Selasa, 26 Januari 2010

TAMBAHAN

GENDER DAN JENIS KELAMIN

Kata “gender” dalam bahasa Indonesia merupakan peminjaman dari bahasa Inggris. Menurut Kamus Bahasa Inggris-Indonesia yang ditulis oleh Echols dan Hasan Shadily (1983: 265) menyebutkan bahwa gender adalah jenis kelamin. Sehingga menurut kamus ini, seks dan gender tidak dibedakan. Menurut Women’s Studies Encyclopedia, gender adalah suatu konsep kultural, berupaya membuat perbedaan dalam hal peran, perilaku, mentalitas dan karakteristik emosional antara laki-laki dengan perempuan yang berkembang dalam masyarakat.

Istilah gender pada awalnya dikembangkan sebagai suatu analisis ilmu sosial oleh Ann Oakley (1972), dan sejak saat itu menurutnya gender lantas dianggap sebagai alat analisis yang baik untuk memahami persoalan diskriminasi terhadap kamu perempuan secara umum.

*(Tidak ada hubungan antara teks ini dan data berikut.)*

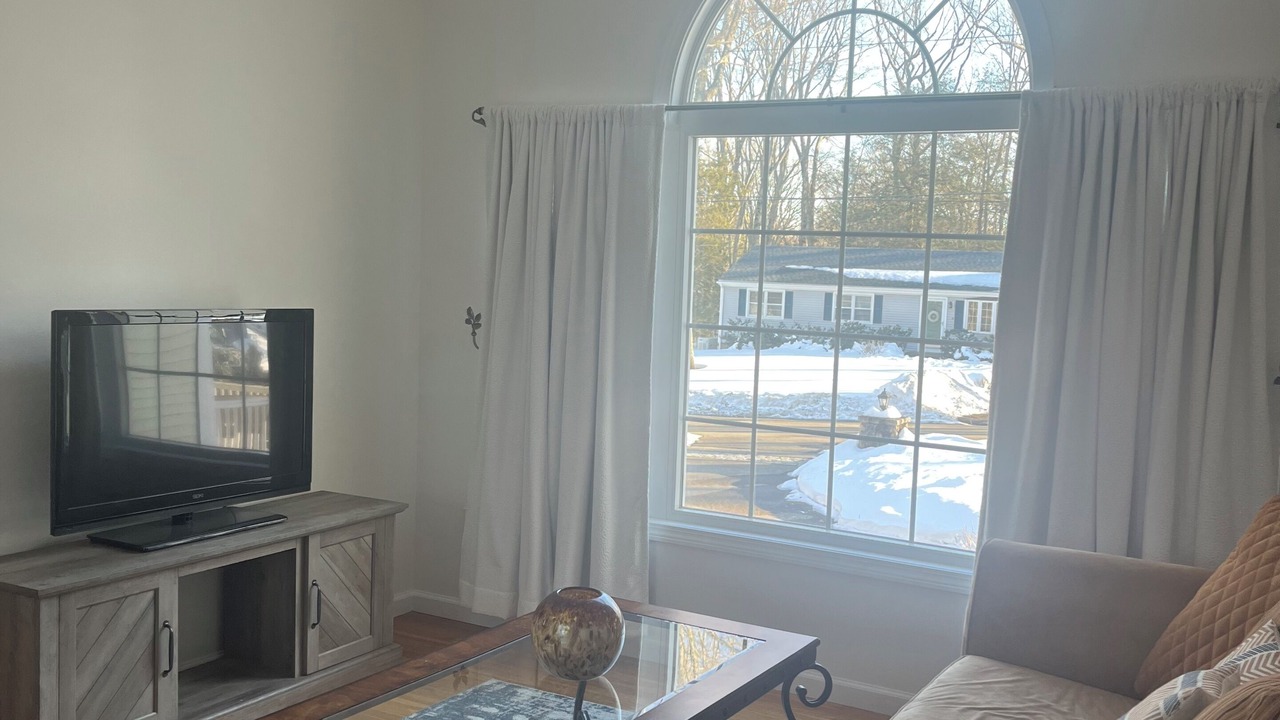 Photo of Livingroom in Shelton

Sumber lain menyatakan bahwa bahan acuan yang sering digunakan untuk mengawali suatu pembahasan mengenai gender dan jenis kelamin ialah buku yang ditulis oleh ahli antropologi Margaret Mead mengenai seksualitas dan temparemen di tiga kelompok etnik di Papua Timur Laut (1965), yaitu Sex and Temparement in Three Primitive Societies.

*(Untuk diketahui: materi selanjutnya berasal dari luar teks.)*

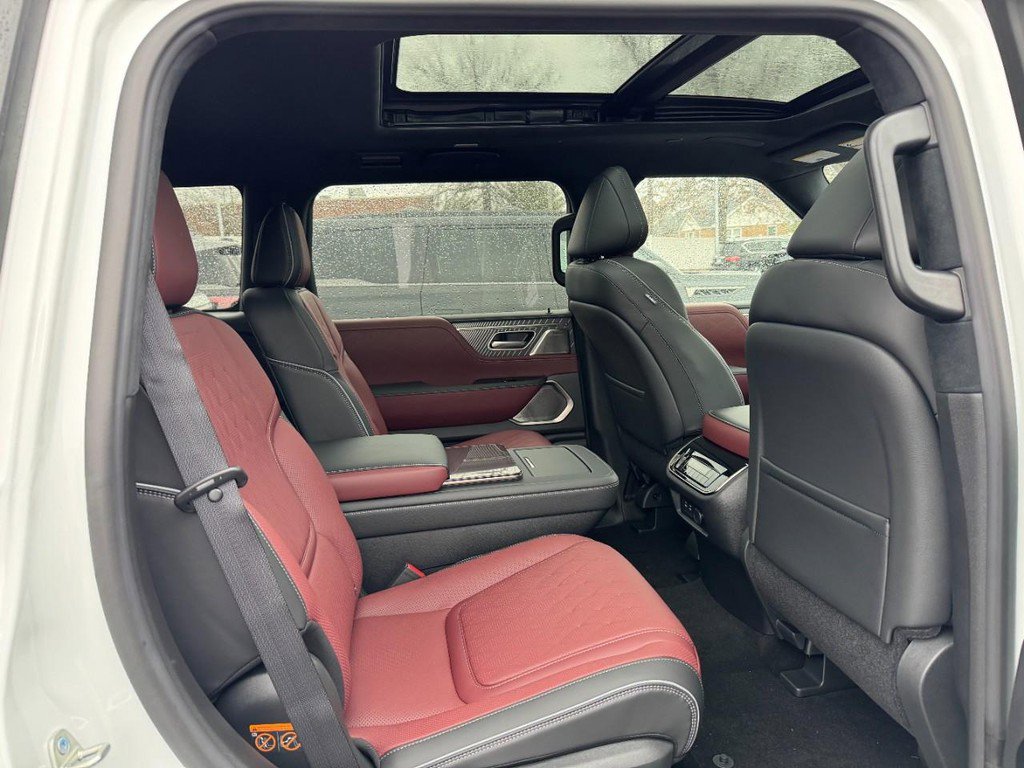 New 2026 INFINITI QX80 Autograph w/ Premium Cargo Package image 5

Mead mengemukakan bahwa dalam sejarah kebudayaan masyarakat Barat dikenal pembedaan kepribadian laki-laki dan perempuan, di mana perempuan pada umumnya dikaitkan dengan ciri kepribadian tertentu, seperti watak keibuan, tidak agresif, berhati lembut, suka menolong, emosional, tergantung, memanjakan, peduli terhadap keperluan orang lain dan mempunyai seksualitas feminin; dan laki-laki di pihak lain, dikaitkan dengan ciri kepribadian keras, agresif, menguasai, dan seksualitas maskulin yang kuat. Namun, dalam penelitiannya selama beberapa tahun di kalangan suku Arapesh yang tinggal di pegunungan, suku Mundugumor yang tinggal di tepi sungai, dan suku Tschambuli yang tinggal di tepi danau, ternyata klasifikasi laki-laki perempuan seperti dalam sejarah masyarakat Barat itu tidak berlaku. Bahkan, di suku Arapesh, dijumpai keadaan yang berlawanan dengan masyarakat Barat. Di suku ini, kaum perempuan justru bersifat menguasai sedangkan kaum laki-laki berkepribadian emosional dan kurang bertanggungjawab. Sementara pada dua suku yang lain, tidak ada perbedaan kepribadian antara laki-laki dengan perempuan.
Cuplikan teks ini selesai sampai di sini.